Responsibility
A reader left a well-written, thoughful comment on my pre-K post. Here is the original comment and then my (lengthy) response:
Comment:
anonymous said...
I have, and have had for many years, mixed feelings on "mandatory" pre-K. In many ways, I think it is a case of what is right not being fully aligned with what is good. One of my questions is why are public schools responsible for raising children? As a teacher, I know that for many children it is far better to be in a pre-K classroom than wherever they might otherwise be, but I feel as a citizen that people who have children should be responsible primary care givers to said children. We all know that it's ultimately the kids who suffer without pre-K, but how do you make people responsible for their actions - having children that they can't/won't/don't raise? How do you fix the situations/circumstances that result in the need for government funded pre-K? Where does what is good converge with what is right?
Without knowing the name of the person in question, it has been difficult for me to locate facts concerning the following; however, it seems real enough and is a good example of another situation where what is right and what is good are at odds. Rumor has it that there was a doctor in Clarksdale who, just a few decades ago, was sterilizing poor women who came in with multiple pregnancies. He was sterilizing them without their knowledge or consent. I cringe at his violation of their bodies and their rights, but at the same time, I can identify with his motivation. Of course, even in the rumor version of this tale, the doctor ultimately lost his license.
Can you, in either of these cases, fully meld good and right, or draw a distinct line between the two? I can't, and I don't even pretend to know how.
Response:
It is my belief that if a segment of society is being left behind than that is our failing, all of us, as a society. I think we have become more and more satisfied with the idea that if a group of people are underachieving, are being left behind, than it is their fault and no one else.
On an individual level, a case-by-case basis, each person makes her own decisions. In the case of pre-K benefiting low-income single-mothers each of those women made (excluding cases of rape or abuse) the decision to have unprotected sex, and then to have the baby. That is the reality on a micro level.
But on a macro level it is true, no matter what city, state, or country, no matter what race or religion, that when a group of people live in poverty and receive a substandard education, things like teenage pregnancy (and sexual abuse) skyrocket. This is as true for poor, black women in rural Mississippi as it is for poor, white women in rural West Virginia.
If someone is born into wealth they are almost certainly going to die wealthy. If someone is born into poverty they are almost certainly going to die poor. Yes, there are success stories. But they are one in a million.
We, as a society, have failed to take care of everyone in our society. In every country but ours universal health care is a right, not a privilage. In many countries, including our neighbors to the north, outstanding, free public education through university is a right, not a privilage. Here an outstanding education is, for the most part, quite costly.

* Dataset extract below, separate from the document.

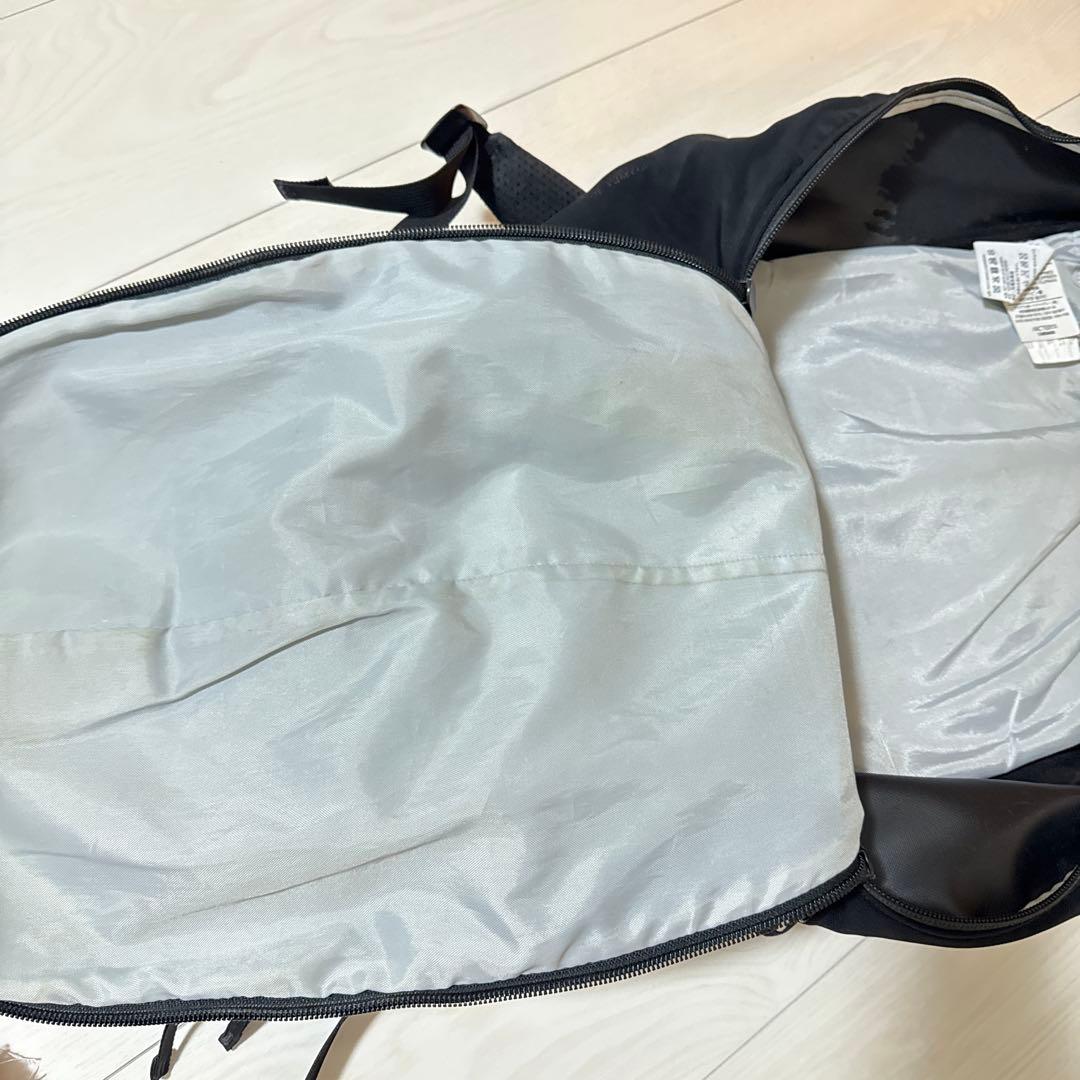 ARC TERYX リュック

For a low-income black woman growing up in the Delta there is no sex education, no Planned Parenthood, and no way to get an abortion. She is poor, her mother is poor, her grandmother was poor, her great grandmother was poor, and her great-great-grandmother was a slave. Unless she is extraordinarily hardworking, intelligent, and lucky, she will die in poverty. Society has done very little to help her. It has provided her with a segregated, underfunded school system, and little opportunity if she graduates. The question isn’t why doesn’t she take more responsibility for herself and maybe make it out of her situation? The question is how does anyone make it with the odds stacked so solidly against you?
Who benefits from all this? As I said in the pre-K blog: rich, white people. We pay less in taxes than almost any other country, and yet people always complain that taxes are too high. Taxes should be high. In the 40’s and 50’s the wealthiest people in America paid up to 80% in taxes. Now, maybe, they pay 35%. My belief is that government is a collection of individuals, all individuals in this country, and that government should best serve all of these individuals, not just the rich. But after decades of perpetuating the idea of personal responsibility most Americans have bought into the idea that for those left behind it is solely their fault. If the race is fair, than yes. But this race has been rigged from the start, and those left behind started miles behind the rest of us.
The Last of the Mohicans is a great action movie, but there is a line, really a throwaway line, towards the end of the film that has always stuck with me. The hero, Hawkeye, is debating an elder from another tribe, and says something to the effect of: “Let us not be like the white Americans, and their masters in Europe, infected with the sickness of greed.” I think as a society we have become infected with the sickness of greed.